The world has changed considerably since our last ”think week” five months ago—and so has Every. We’ve added new business units, launched new products, and brought on new teammates. So we’re taking this week to come up with new ideas and products that can help us improve how we do our work and, more importantly, your experience as a member of our community. In the meantime, we’re re-upping four pieces by Dan Shipper that cover basic, powerful questions about AI. (Dan hasn’t been publishing at his regular cadence because he’s been on a longer piece. Look out for that in Q2.) Yesterday we re-published his jargon-free explainer of how language models work. Today we’re re-upping his piece about how language models function as compressors—or summarizers—of text.—Kate Lee
Was this newsletter forwarded to you? Sign up to get it in your inbox.
I want to help save our idea of human creativity. Artificial intelligence can write, illustrate, design, code, and much more. But rather than eliminating the need for human creativity, these new powers can help us redefine and expand it.
We need to do a technological dissection of language models, defining what they can do well—and what they can’t. By doing so, we can isolate our own role in the creative process.
If we can do that, we’ll be able to wield language models for creative work—and still call it creativity.
To start, let’s talk about what language models can do.
The psychology and behavior of language models
The current generation of language models is called transformers, and in order to understand what they do, we need to take that word seriously. What kind of transformations can transformers do?

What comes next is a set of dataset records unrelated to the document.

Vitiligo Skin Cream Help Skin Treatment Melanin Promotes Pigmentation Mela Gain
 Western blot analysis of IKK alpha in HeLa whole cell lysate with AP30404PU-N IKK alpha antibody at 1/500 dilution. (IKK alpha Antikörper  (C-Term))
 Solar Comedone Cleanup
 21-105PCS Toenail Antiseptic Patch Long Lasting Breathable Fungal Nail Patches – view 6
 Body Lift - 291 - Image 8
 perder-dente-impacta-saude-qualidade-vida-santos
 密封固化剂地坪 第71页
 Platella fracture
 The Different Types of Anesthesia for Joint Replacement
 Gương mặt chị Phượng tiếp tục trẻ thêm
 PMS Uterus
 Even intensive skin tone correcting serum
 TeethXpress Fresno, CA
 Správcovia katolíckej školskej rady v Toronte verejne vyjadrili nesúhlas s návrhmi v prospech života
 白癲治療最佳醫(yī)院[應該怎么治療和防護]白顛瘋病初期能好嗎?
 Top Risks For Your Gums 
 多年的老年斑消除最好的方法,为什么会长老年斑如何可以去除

Mathematically, language models are recursive next-token predictors. They are given a sequence of text and predict the next bit of text in the sequence. This process runs over and over in a loop, building upon its previous outputs self-referentially until it reaches a stopping point. It’s sort of like a snowball rolling downhill and picking up more and more snow along the way.
But this question is best asked at a higher level than simply mathematical possibility. Instead, what are the inputs and outputs we observe from today’s language models? And what can we infer about how they think?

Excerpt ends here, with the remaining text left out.